Aber auch die Fälle, von denen Wolfgang Zimmermann, WASG-Landeschef in Nordrhein-Westfalen, nicht ganz ohne Stolz berichtet, treffen die SPD: Sie belegen, dass an Lafontaines Nachsatz zur Gewerkschafter-und-Betriebsrats-Aussage etwas dran ist. "Da kommen wir voran", hatte Oskar noch gesagt. Er werde zum Beispiel am 1. Mai auf einer DGB-Kundgebung in Zwickau sprechen, verrät Lafontaine. Das ist für ihn "Vorankommen". Die Ausladung von vier SPD-Rednern von bayerischen DGB-Kundgebungen, darunter auch der Chef der SPD-Landesgruppe im Bundestag, Florian Pronold, ist auch "Vorankommen"; das sei ja wohl ein klares Zeichen, sagt Oskar mit einem Grinsen auf dem wie so oft hochroten Gesicht. Genugtuung schwingt da mit - für alles in der SPD Erlittene.

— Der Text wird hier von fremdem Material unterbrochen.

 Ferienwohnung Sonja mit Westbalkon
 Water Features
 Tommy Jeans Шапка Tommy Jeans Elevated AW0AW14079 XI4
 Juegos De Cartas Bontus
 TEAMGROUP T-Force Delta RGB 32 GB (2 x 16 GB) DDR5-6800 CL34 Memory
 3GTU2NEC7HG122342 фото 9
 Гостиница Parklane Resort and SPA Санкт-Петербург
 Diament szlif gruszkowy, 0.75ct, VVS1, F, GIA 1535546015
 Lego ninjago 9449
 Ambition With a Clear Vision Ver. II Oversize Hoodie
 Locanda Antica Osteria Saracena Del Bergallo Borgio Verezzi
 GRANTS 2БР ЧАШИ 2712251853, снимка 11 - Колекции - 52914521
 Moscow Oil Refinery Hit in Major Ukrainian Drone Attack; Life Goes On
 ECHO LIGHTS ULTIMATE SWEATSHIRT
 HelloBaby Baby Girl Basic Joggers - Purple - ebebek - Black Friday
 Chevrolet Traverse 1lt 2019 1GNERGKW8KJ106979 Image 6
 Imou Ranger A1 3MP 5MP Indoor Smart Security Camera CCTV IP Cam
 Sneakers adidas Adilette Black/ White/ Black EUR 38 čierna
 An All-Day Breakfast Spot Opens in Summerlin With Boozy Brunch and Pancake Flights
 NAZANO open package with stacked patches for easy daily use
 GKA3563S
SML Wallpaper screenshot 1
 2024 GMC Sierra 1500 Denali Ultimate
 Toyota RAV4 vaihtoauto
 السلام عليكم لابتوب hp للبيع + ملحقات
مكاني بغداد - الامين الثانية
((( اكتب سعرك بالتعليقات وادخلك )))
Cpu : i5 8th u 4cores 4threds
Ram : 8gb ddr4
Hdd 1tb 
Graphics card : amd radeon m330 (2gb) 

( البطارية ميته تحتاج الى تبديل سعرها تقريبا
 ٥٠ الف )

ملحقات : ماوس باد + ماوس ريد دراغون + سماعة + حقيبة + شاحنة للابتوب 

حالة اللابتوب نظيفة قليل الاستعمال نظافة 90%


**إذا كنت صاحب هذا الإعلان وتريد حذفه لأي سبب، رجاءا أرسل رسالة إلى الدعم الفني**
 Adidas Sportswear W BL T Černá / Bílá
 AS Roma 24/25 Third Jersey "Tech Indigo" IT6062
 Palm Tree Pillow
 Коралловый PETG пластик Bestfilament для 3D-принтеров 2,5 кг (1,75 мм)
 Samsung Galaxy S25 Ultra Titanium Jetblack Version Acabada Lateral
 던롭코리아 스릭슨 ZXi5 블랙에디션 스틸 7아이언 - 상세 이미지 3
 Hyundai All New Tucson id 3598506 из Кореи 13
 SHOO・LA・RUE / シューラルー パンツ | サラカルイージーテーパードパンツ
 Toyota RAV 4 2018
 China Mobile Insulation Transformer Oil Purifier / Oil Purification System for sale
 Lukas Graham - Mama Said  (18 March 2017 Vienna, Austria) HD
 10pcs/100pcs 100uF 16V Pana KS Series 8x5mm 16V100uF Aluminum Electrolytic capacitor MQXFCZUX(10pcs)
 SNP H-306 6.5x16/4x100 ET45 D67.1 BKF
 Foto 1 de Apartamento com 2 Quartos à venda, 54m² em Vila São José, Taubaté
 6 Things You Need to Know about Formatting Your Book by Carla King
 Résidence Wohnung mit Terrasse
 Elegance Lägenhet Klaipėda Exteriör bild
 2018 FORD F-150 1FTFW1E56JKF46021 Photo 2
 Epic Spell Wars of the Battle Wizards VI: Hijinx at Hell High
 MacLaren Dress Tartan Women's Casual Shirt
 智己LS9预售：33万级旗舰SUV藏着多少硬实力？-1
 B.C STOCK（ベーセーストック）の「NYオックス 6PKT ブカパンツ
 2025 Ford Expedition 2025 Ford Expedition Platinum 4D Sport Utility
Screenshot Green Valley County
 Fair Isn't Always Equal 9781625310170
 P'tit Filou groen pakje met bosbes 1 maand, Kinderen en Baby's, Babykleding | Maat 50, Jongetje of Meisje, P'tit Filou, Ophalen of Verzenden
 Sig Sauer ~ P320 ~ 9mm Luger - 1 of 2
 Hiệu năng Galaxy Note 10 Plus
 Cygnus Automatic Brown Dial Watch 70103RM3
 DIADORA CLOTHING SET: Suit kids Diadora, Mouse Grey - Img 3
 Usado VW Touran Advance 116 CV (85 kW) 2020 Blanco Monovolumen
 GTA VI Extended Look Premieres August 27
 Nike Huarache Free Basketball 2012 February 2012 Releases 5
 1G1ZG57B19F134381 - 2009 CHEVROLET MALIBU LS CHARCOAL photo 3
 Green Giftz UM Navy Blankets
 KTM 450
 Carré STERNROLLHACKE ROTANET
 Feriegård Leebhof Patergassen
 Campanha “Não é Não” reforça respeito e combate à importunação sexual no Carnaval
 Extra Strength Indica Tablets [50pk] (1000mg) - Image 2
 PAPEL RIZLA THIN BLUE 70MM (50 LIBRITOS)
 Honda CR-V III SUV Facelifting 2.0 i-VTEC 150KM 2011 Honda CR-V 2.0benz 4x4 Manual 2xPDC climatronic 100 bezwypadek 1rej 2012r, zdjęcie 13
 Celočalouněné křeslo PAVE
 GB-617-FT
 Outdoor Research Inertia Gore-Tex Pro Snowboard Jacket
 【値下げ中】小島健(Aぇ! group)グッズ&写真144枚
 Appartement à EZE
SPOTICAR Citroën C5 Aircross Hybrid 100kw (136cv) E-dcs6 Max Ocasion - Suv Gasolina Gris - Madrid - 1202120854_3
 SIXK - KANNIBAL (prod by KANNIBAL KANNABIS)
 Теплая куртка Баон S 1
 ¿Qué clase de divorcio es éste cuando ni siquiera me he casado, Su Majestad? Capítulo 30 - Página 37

Bei Wolfgang Zimmermann ist das "Vorankommen" ähnlich konkret. Erst Ende vergangenen Jahres sei beispielsweise der Vorstandssprecher des Grünen Kreisverbandes in Solingen, Gerd Schlupp, nach 23 Jahren bei den Grünen aus- und bei der WASG, eingetreten. Die Zustimmung zu den Auslandseinsätzen der Bundeswehr und die "Bestrafung der Arbeitslosen durch Hartz IV" hatten Schlupp so sehr geärgert, dass es "höchste Zeit zu gehen" war. "Vorankommen" sogar bei den Grünen, Zimmermann freut das sichtbar.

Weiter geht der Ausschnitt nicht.